The machine then uses certain algorithms to transform the detected patterns into a model. Basically, the learning phase is used to analyse the available data, detect the patterns present and summarise them into a model. Once the model is built, new data go through the model and its feature vector, and allow a prediction to be made. There is no need to update the rules or recalculate the model: the available model can be used to make inferences about the new data.
Thanks to Machine Learning, a machine can therefore be trained to translate an expert’s knowledge into automatic functions. Large volumes of data are usually needed to enable the machine to master a certain topic. At the beginning of its learning, the machine makes mistakes, much like a novice expert would. However, when the machine has seen a sufficient number of examples, it has acquired sufficient knowledge to work autonomously with precision.

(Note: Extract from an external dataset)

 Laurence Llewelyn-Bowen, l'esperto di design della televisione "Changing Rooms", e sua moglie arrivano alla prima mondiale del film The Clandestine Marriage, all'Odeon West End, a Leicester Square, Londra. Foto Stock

The market in the coming years
Leading organisations around the world are now using Machine Learning-based solutions to improve customer experience, ROI and obtain a competitive advantage in business operations. According to Markets and Markets, the machine learning market is expected to grow from 1.03 billion dollars in 2016 to 8.81 billion dollars by 2022, with a compound annual growth rate (CAGR) of 44.1% during the forecast period.
On the other hand, according to Cision, the global machine learning market will reach 96.7 billion dollars by 2025, with a CAGR of 43.8% from 2019 to 2025. North America has dominated the global market in recent years owing to the increasing adoption of Machine Learning technologies by major IT service providers residing in the region. However, the Asia-Pacific region is expected to record the fastest growth in the coming years, especially because of the increasing use of machine learning technologies in emerging countries such as India and China.
In the coming years, applications of machine learning in various vertical sectors are expected to increase exponentially due to new possibilities offered by technological advancements and proliferation in data generation. The need for supply chain optimization coupled with the emergence of digital services and products to enhance customer experience will drive the market growth.
Demand for Machine Learning skills is also showing strong growth, as can be seen from open positions on LinkedIn. Rising from 44,864 job openings in 2020 to 78,372 in 2021 in the US alone, organisations continue to recruit staff to quickly support new initiatives in this field. Globally, LinkedIn open positions requiring Machine Learning skills have grown from 98,371 in 2020 to nearly 200,000 in the first part of 2021.